» **AIM OF THE EXERCISE**: For the data below, transcribe the part that opens with the line containing "fenced yard, basement" and closes with the line containing "讓頭發(fā)柔順的方法 擁有烏黑盈亮的秀發(fā)就這么簡(jiǎn)單", exactly and with no pictures.

» **RECORDS FOR PROCESSING**:

━━━━━━━━━━━━━━━━━━━━

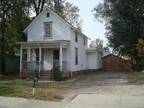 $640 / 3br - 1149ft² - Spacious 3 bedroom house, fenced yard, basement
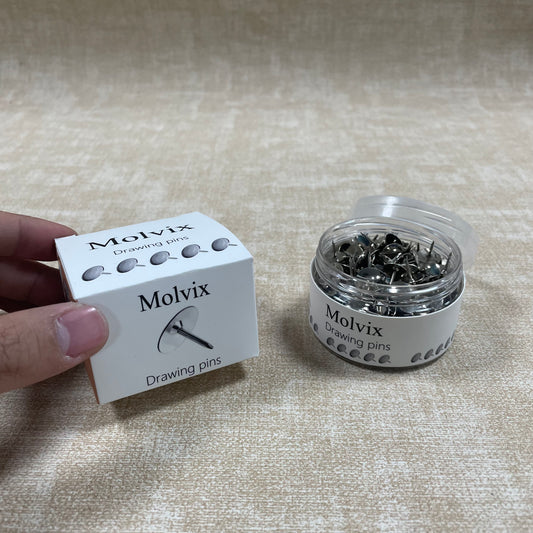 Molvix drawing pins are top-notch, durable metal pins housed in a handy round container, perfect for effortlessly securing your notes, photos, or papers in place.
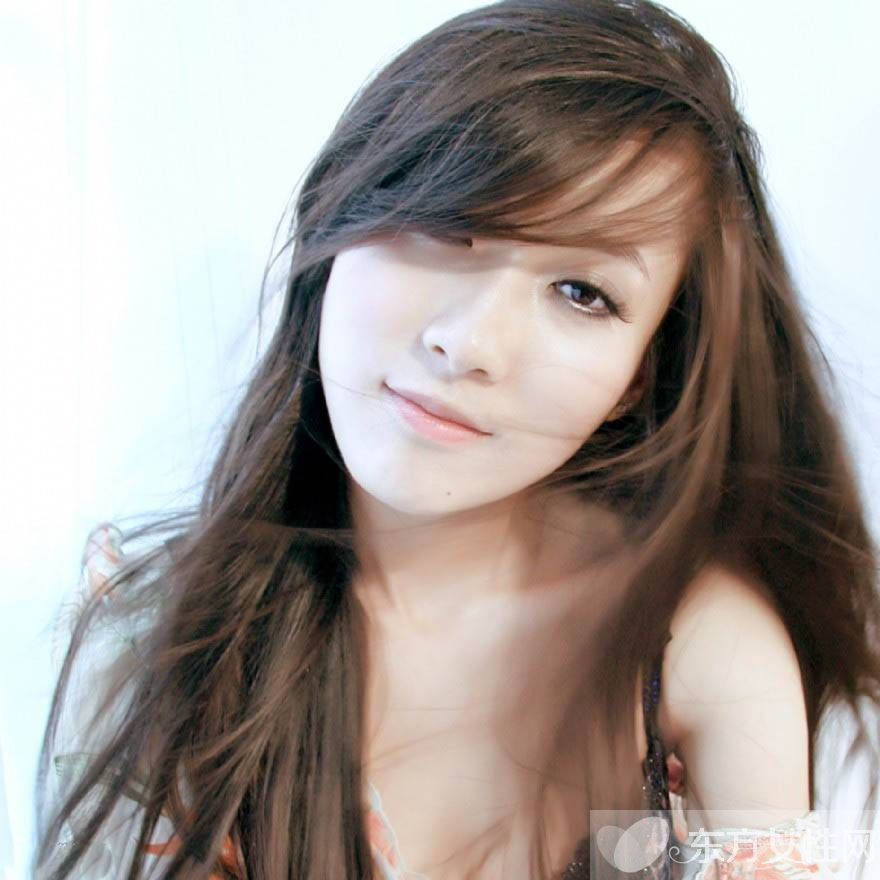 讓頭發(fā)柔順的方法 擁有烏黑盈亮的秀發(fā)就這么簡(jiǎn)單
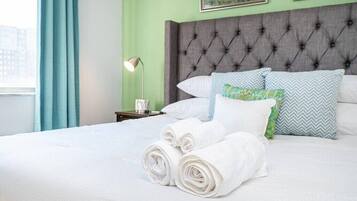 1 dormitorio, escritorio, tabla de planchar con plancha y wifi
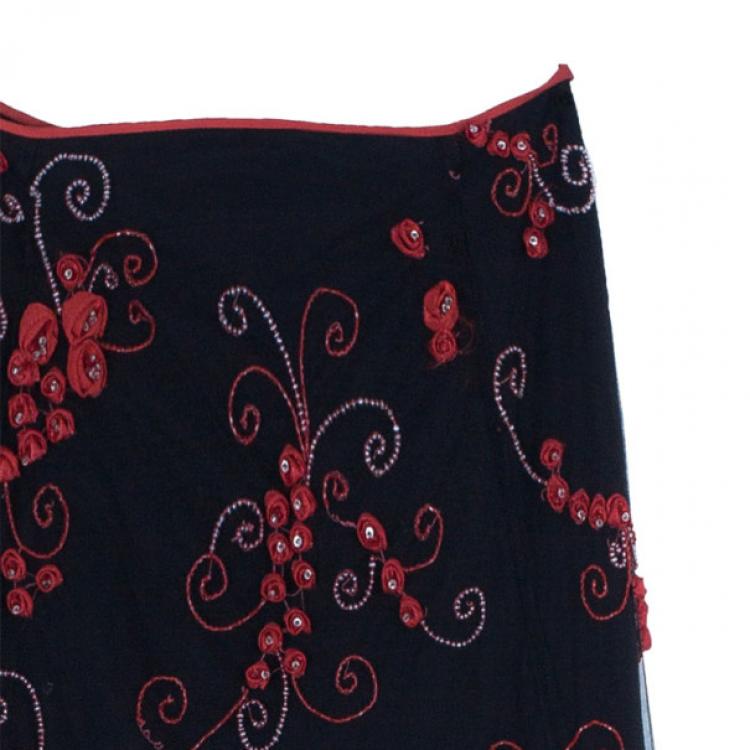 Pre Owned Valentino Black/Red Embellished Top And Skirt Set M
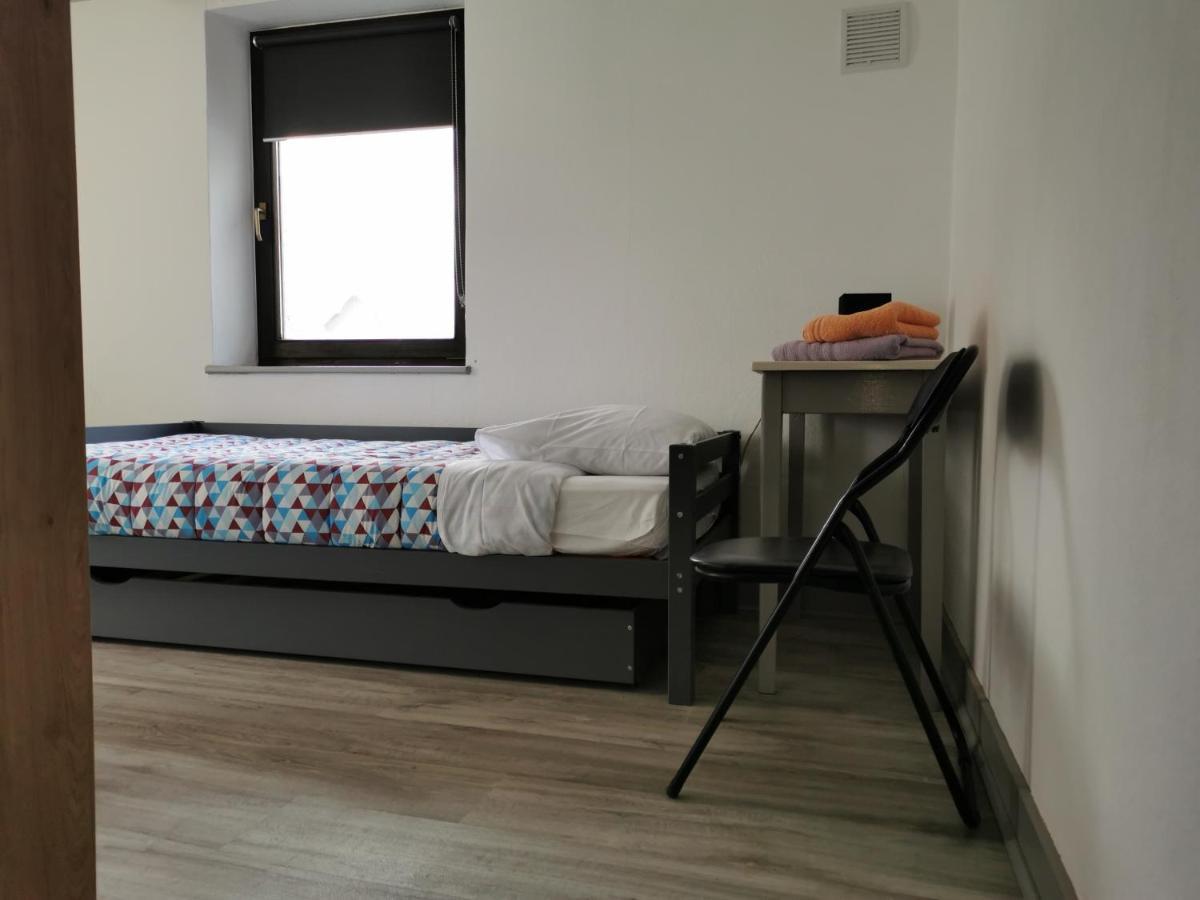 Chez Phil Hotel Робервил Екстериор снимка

━━━━━━━━━━━━━━━━━━━━

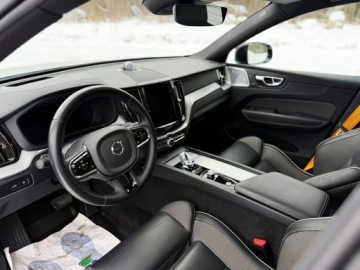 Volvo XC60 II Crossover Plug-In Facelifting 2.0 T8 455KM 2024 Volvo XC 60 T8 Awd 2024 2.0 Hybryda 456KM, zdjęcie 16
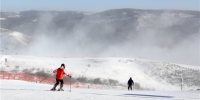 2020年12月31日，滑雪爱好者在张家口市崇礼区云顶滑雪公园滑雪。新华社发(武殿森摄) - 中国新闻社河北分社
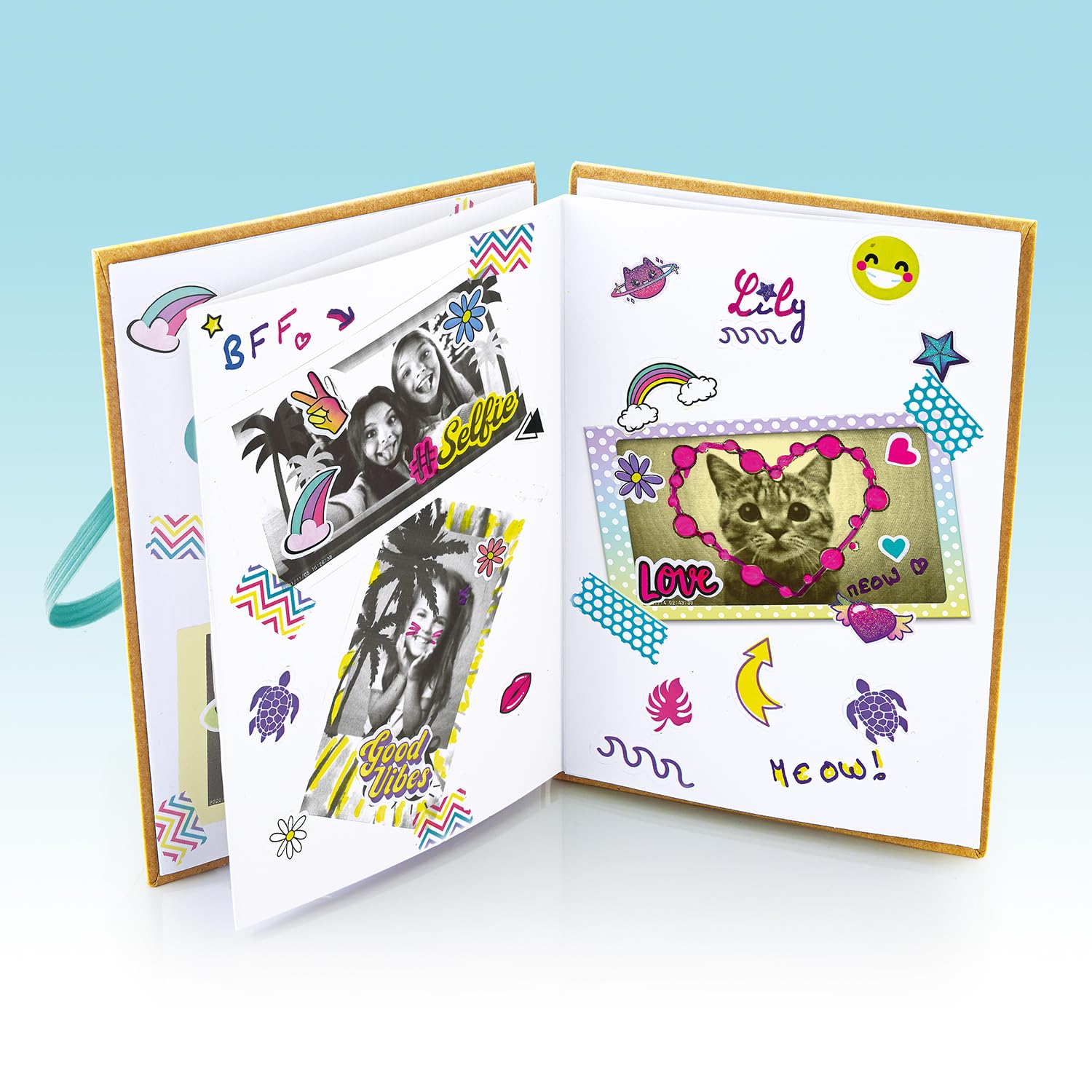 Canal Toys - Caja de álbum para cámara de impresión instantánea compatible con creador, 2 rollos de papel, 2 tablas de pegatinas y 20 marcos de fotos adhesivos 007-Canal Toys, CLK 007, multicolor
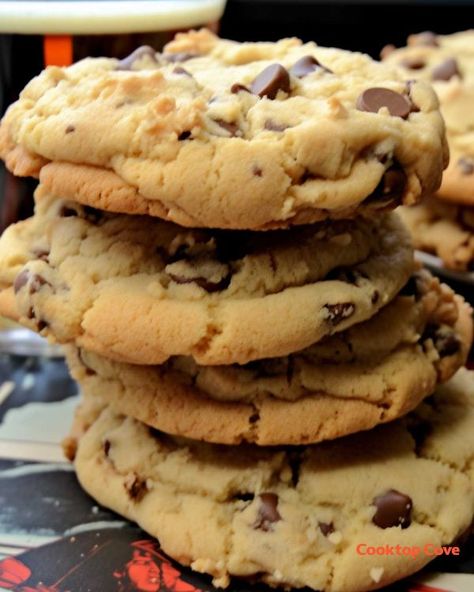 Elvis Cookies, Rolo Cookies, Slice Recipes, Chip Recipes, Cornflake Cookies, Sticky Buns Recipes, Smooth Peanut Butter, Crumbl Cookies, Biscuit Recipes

━━━━━━━━━━━━━━━━━━━━

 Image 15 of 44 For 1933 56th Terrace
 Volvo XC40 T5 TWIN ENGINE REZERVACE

━━━━━━━━━━━━━━━━━━━━

» **RESPONSE BOX**:
 $640 / 3br - 1149ft² - Spacious 3 bedroom house, fenced yard, basement
 Molvix drawing pins are top-notch, durable metal pins housed in a handy round container, perfect for effortlessly securing your notes, photos, or papers in place.
 讓頭發(fā)柔順的方法 擁有烏黑盈亮的秀發(fā)就這么簡(jiǎn)單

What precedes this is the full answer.